Start of Study material
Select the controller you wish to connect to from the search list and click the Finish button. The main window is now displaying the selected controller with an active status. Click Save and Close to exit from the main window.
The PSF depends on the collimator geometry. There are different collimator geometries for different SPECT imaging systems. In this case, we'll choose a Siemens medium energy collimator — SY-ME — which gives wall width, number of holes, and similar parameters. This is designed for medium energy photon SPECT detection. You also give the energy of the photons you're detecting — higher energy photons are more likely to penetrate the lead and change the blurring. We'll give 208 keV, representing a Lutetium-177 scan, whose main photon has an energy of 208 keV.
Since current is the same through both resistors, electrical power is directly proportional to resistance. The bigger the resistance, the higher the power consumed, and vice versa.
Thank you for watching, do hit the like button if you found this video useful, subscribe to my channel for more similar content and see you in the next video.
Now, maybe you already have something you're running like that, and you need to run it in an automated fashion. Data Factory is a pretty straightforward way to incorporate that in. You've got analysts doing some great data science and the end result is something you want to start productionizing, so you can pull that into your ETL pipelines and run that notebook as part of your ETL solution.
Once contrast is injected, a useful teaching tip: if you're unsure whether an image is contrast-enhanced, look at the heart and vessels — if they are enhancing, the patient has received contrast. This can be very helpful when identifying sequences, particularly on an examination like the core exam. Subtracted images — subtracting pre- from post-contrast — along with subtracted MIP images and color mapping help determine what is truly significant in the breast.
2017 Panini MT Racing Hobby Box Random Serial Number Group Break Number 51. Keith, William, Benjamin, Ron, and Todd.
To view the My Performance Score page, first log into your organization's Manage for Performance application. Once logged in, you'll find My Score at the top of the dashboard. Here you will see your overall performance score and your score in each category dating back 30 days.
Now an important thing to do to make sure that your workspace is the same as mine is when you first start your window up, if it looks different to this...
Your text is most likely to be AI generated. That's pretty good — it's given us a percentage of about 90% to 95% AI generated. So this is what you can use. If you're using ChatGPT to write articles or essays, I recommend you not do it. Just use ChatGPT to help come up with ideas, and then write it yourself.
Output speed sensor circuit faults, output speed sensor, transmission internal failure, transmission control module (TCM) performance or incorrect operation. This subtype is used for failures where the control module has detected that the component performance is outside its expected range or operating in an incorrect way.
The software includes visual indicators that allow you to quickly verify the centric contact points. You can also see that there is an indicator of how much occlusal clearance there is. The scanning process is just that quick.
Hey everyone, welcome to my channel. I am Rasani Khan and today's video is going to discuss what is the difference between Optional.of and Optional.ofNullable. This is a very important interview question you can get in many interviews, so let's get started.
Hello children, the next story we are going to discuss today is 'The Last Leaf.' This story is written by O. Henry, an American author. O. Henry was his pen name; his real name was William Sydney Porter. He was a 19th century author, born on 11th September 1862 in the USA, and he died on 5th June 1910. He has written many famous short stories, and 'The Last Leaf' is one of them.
End of Study material
- [What you will do]: Give only the lines from the one holding "Thank you for" through the one holding "Now, maybe you", each restated exactly as it appears above.

- [Written reply]:
Thank you for watching, do hit the like button if you found this video useful, subscribe to my channel for more similar content and see you in the next video.
Now, maybe you already have something you're running like that, and you need to run it in an automated fashion. Data Factory is a pretty straightforward way to incorporate that in. You've got analysts doing some great data science and the end result is something you want to start productionizing, so you can pull that into your ETL pipelines and run that notebook as part of your ETL solution.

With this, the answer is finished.